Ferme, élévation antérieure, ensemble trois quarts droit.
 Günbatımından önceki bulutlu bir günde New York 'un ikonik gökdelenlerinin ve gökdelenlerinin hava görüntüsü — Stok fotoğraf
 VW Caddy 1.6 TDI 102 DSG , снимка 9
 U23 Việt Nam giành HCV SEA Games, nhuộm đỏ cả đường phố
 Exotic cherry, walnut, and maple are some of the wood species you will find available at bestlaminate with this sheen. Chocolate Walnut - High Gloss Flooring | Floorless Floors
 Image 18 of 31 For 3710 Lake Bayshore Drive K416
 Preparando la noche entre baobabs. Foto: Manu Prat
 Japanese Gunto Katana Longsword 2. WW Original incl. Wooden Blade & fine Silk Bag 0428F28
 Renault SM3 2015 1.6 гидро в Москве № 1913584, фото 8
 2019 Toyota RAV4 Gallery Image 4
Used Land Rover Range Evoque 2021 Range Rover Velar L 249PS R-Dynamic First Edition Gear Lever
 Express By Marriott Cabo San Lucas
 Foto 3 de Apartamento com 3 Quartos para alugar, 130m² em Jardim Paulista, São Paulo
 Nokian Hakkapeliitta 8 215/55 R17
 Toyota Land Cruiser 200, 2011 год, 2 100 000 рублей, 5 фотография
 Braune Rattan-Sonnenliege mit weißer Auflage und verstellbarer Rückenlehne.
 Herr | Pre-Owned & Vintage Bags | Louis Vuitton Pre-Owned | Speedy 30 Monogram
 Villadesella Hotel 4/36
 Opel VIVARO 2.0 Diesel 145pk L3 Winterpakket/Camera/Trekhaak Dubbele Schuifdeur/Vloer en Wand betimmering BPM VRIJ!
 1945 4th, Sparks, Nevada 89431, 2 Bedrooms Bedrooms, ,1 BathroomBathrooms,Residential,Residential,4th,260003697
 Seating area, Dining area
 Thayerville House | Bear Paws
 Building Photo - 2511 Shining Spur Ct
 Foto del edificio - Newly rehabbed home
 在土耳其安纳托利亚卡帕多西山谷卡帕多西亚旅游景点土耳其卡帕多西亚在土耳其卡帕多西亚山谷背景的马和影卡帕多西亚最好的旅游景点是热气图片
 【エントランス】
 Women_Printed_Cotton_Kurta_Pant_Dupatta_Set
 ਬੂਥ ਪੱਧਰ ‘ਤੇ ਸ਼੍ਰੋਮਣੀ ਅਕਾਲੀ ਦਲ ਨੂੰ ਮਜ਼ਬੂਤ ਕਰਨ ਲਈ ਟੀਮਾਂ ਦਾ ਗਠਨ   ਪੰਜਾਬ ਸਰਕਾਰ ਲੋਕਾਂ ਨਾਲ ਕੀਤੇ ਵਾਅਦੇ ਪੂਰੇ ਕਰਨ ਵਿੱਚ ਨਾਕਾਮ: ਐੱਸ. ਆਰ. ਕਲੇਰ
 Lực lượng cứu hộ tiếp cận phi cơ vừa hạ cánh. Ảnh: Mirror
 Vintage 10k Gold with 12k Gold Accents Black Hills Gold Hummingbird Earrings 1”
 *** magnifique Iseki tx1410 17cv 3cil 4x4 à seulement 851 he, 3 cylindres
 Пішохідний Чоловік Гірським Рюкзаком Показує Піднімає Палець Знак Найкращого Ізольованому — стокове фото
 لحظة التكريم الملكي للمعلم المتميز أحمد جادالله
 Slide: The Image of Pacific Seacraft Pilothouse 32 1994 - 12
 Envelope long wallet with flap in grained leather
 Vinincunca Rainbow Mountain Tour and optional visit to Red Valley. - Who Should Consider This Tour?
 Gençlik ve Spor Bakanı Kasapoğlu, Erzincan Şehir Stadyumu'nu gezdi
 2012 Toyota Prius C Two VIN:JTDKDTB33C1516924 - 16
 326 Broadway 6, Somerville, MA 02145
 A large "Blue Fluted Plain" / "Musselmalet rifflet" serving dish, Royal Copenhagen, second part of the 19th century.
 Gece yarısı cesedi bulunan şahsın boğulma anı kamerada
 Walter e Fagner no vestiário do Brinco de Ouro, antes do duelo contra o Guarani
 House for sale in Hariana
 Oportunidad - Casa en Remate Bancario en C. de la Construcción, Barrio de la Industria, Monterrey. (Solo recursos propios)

=-=-=-=-=

Please reproduce all of the entries exactly as they stand.

ANSWER FOR THE TASK
Ferme, élévation antérieure, ensemble trois quarts droit.
 Günbatımından önceki bulutlu bir günde New York 'un ikonik gökdelenlerinin ve gökdelenlerinin hava görüntüsü — Stok fotoğraf
 VW Caddy 1.6 TDI 102 DSG , снимка 9
 U23 Việt Nam giành HCV SEA Games, nhuộm đỏ cả đường phố
 Exotic cherry, walnut, and maple are some of the wood species you will find available at bestlaminate with this sheen. Chocolate Walnut - High Gloss Flooring | Floorless Floors
 Image 18 of 31 For 3710 Lake Bayshore Drive K416
 Preparando la noche entre baobabs. Foto: Manu Prat
 Japanese Gunto Katana Longsword 2. WW Original incl. Wooden Blade & fine Silk Bag 0428F28
 Renault SM3 2015 1.6 гидро в Москве № 1913584, фото 8
 2019 Toyota RAV4 Gallery Image 4
Used Land Rover Range Evoque 2021 Range Rover Velar L 249PS R-Dynamic First Edition Gear Lever
 Express By Marriott Cabo San Lucas
 Foto 3 de Apartamento com 3 Quartos para alugar, 130m² em Jardim Paulista, São Paulo
 Nokian Hakkapeliitta 8 215/55 R17
 Toyota Land Cruiser 200, 2011 год, 2 100 000 рублей, 5 фотография
 Braune Rattan-Sonnenliege mit weißer Auflage und verstellbarer Rückenlehne.
 Herr | Pre-Owned & Vintage Bags | Louis Vuitton Pre-Owned | Speedy 30 Monogram
 Villadesella Hotel 4/36
 Opel VIVARO 2.0 Diesel 145pk L3 Winterpakket/Camera/Trekhaak Dubbele Schuifdeur/Vloer en Wand betimmering BPM VRIJ!
 1945 4th, Sparks, Nevada 89431, 2 Bedrooms Bedrooms, ,1 BathroomBathrooms,Residential,Residential,4th,260003697
 Seating area, Dining area
 Thayerville House | Bear Paws
 Building Photo - 2511 Shining Spur Ct
 Foto del edificio - Newly rehabbed home
 在土耳其安纳托利亚卡帕多西山谷卡帕多西亚旅游景点土耳其卡帕多西亚在土耳其卡帕多西亚山谷背景的马和影卡帕多西亚最好的旅游景点是热气图片
 【エントランス】
 Women_Printed_Cotton_Kurta_Pant_Dupatta_Set
 ਬੂਥ ਪੱਧਰ ‘ਤੇ ਸ਼੍ਰੋਮਣੀ ਅਕਾਲੀ ਦਲ ਨੂੰ ਮਜ਼ਬੂਤ ਕਰਨ ਲਈ ਟੀਮਾਂ ਦਾ ਗਠਨ   ਪੰਜਾਬ ਸਰਕਾਰ ਲੋਕਾਂ ਨਾਲ ਕੀਤੇ ਵਾਅਦੇ ਪੂਰੇ ਕਰਨ ਵਿੱਚ ਨਾਕਾਮ: ਐੱਸ. ਆਰ. ਕਲੇਰ
 Lực lượng cứu hộ tiếp cận phi cơ vừa hạ cánh. Ảnh: Mirror
 Vintage 10k Gold with 12k Gold Accents Black Hills Gold Hummingbird Earrings 1”
 *** magnifique Iseki tx1410 17cv 3cil 4x4 à seulement 851 he, 3 cylindres
 Пішохідний Чоловік Гірським Рюкзаком Показує Піднімає Палець Знак Найкращого Ізольованому — стокове фото
 لحظة التكريم الملكي للمعلم المتميز أحمد جادالله
 Slide: The Image of Pacific Seacraft Pilothouse 32 1994 - 12
 Envelope long wallet with flap in grained leather
 Vinincunca Rainbow Mountain Tour and optional visit to Red Valley. - Who Should Consider This Tour?
 Gençlik ve Spor Bakanı Kasapoğlu, Erzincan Şehir Stadyumu'nu gezdi
 2012 Toyota Prius C Two VIN:JTDKDTB33C1516924 - 16
 326 Broadway 6, Somerville, MA 02145
 A large "Blue Fluted Plain" / "Musselmalet rifflet" serving dish, Royal Copenhagen, second part of the 19th century.
 Gece yarısı cesedi bulunan şahsın boğulma anı kamerada
 Walter e Fagner no vestiário do Brinco de Ouro, antes do duelo contra o Guarani
 House for sale in Hariana
 Oportunidad - Casa en Remate Bancario en C. de la Construcción, Barrio de la Industria, Monterrey. (Solo recursos propios)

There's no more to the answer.